» **Information**
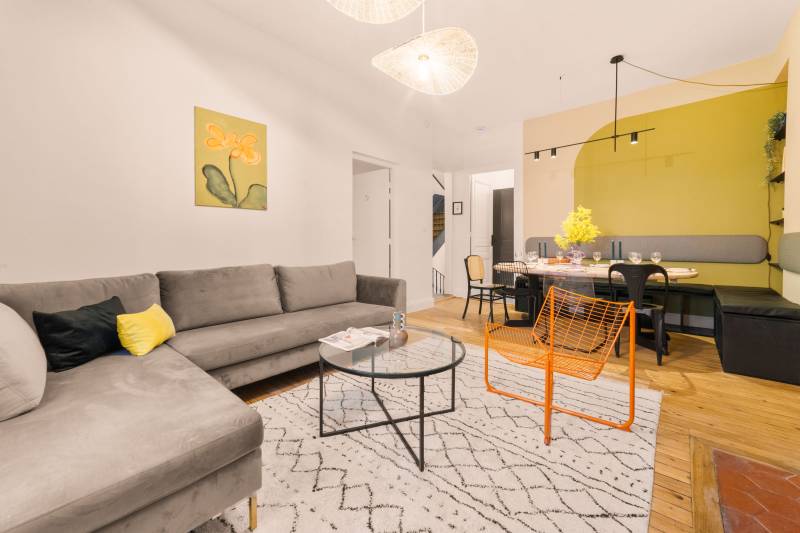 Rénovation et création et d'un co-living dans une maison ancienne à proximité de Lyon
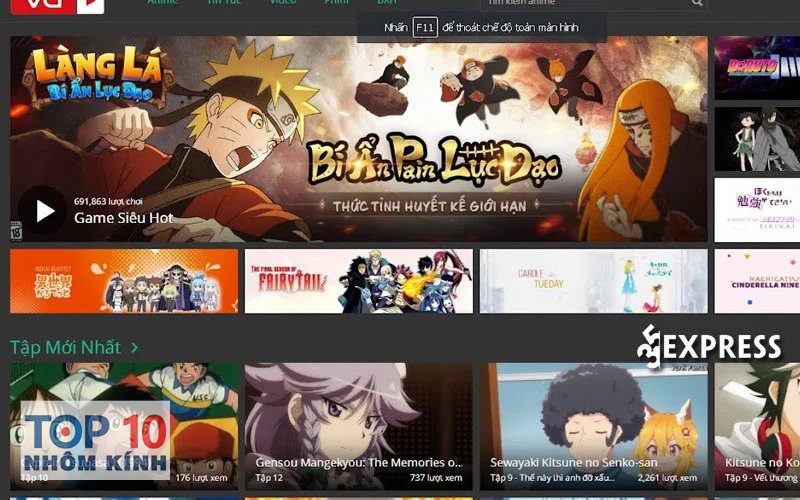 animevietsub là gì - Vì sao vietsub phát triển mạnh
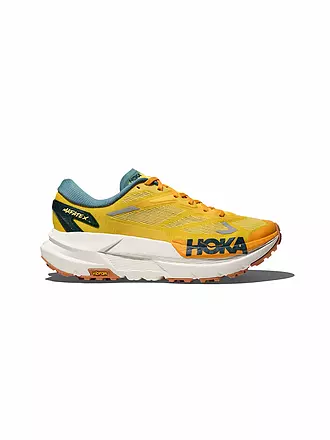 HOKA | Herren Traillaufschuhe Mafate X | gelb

* * *

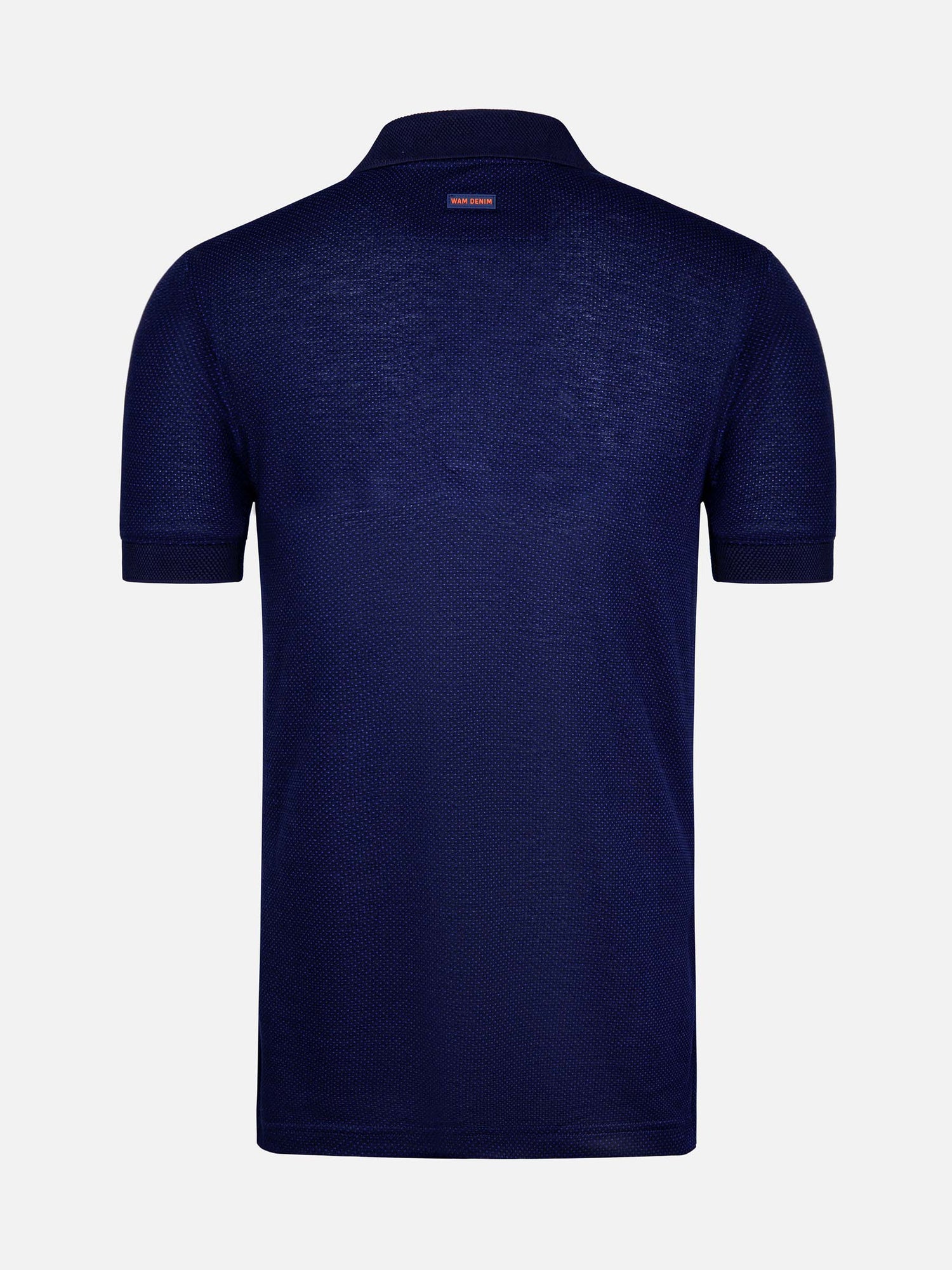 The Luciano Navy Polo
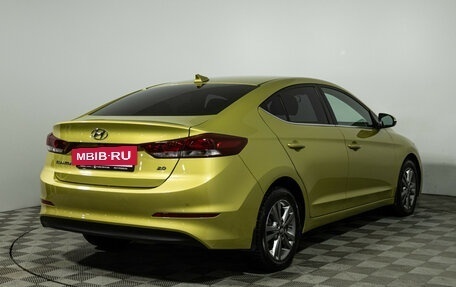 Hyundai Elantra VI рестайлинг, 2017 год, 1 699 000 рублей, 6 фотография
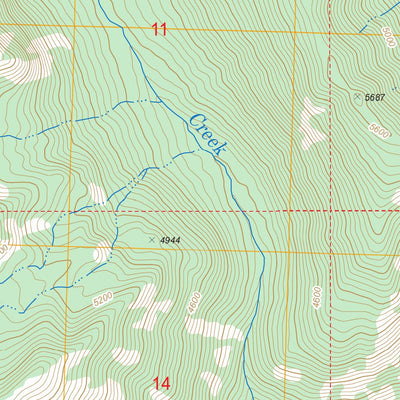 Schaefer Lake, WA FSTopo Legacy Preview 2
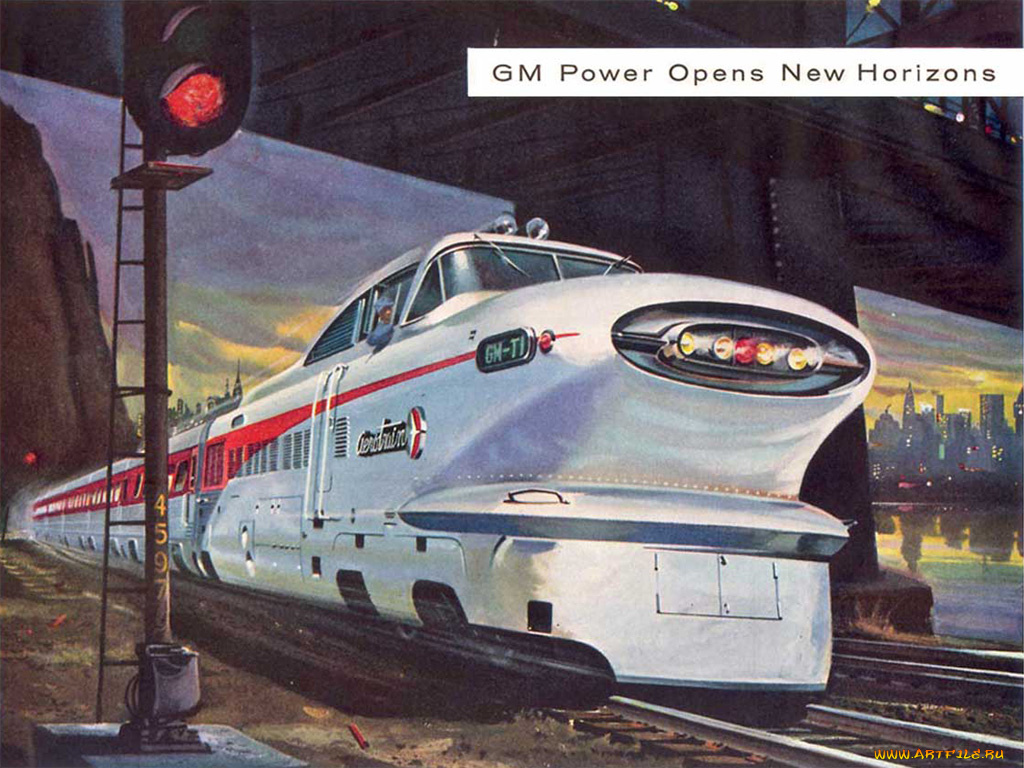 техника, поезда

* * *

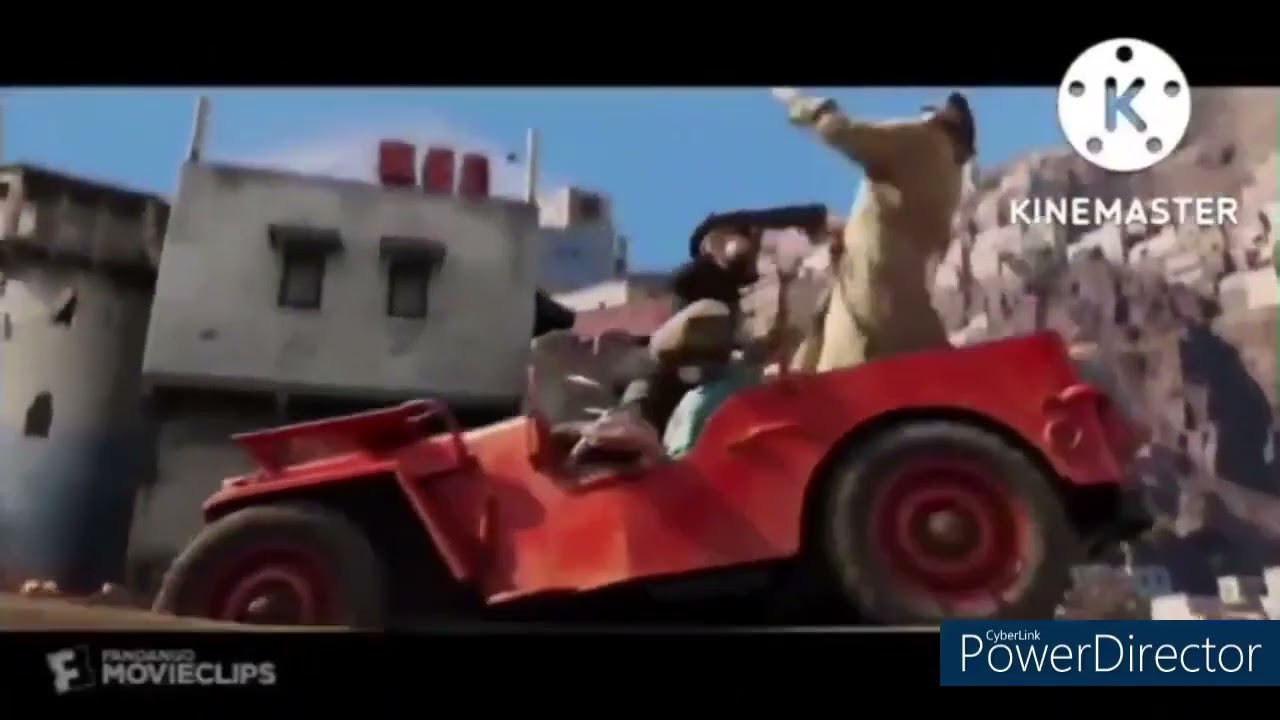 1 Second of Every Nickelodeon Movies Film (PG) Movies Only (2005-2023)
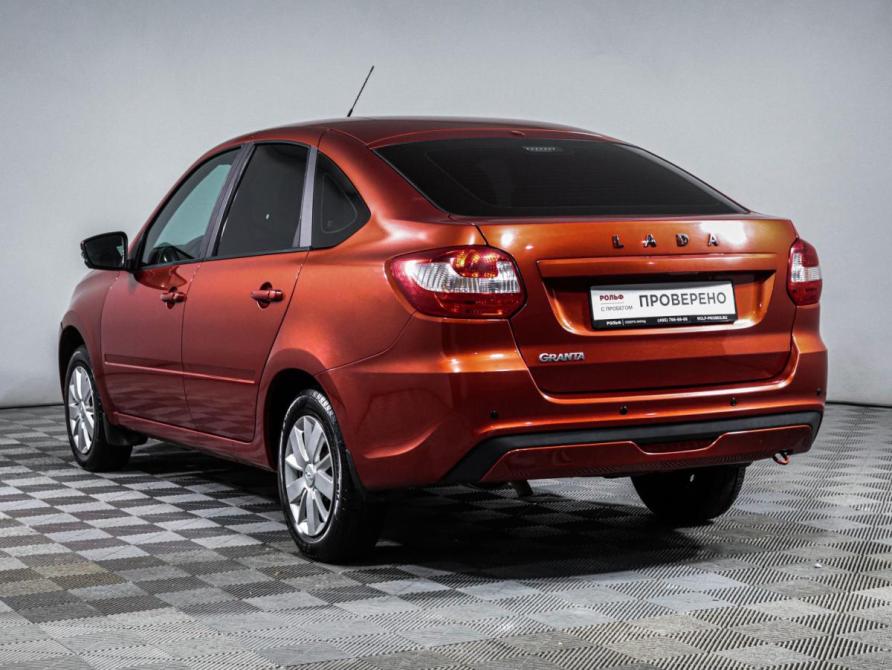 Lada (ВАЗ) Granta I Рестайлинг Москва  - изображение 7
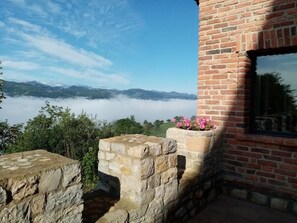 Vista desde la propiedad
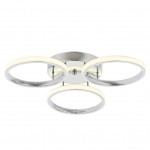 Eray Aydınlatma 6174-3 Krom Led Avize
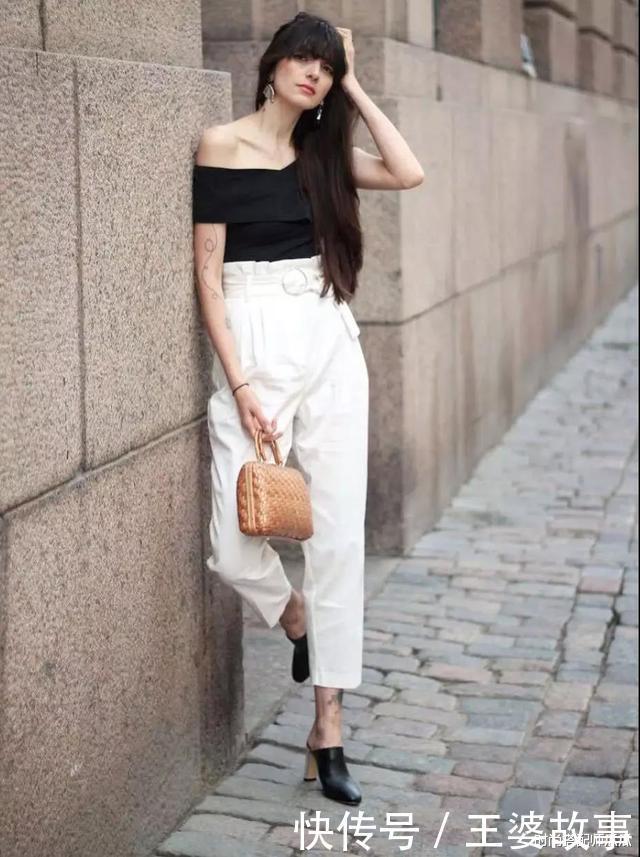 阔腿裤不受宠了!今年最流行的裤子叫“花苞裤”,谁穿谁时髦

» **Exercise objective**
Word for word, retype the lines in the entries above that run from the one with "The Luciano Navy Polo" through the one with "техника, поезда". Both ends count; pictures do not.

» **Final answer**
 The Luciano Navy Polo
 Hyundai Elantra VI рестайлинг, 2017 год, 1 699 000 рублей, 6 фотография
 Schaefer Lake, WA FSTopo Legacy Preview 2
 техника, поезда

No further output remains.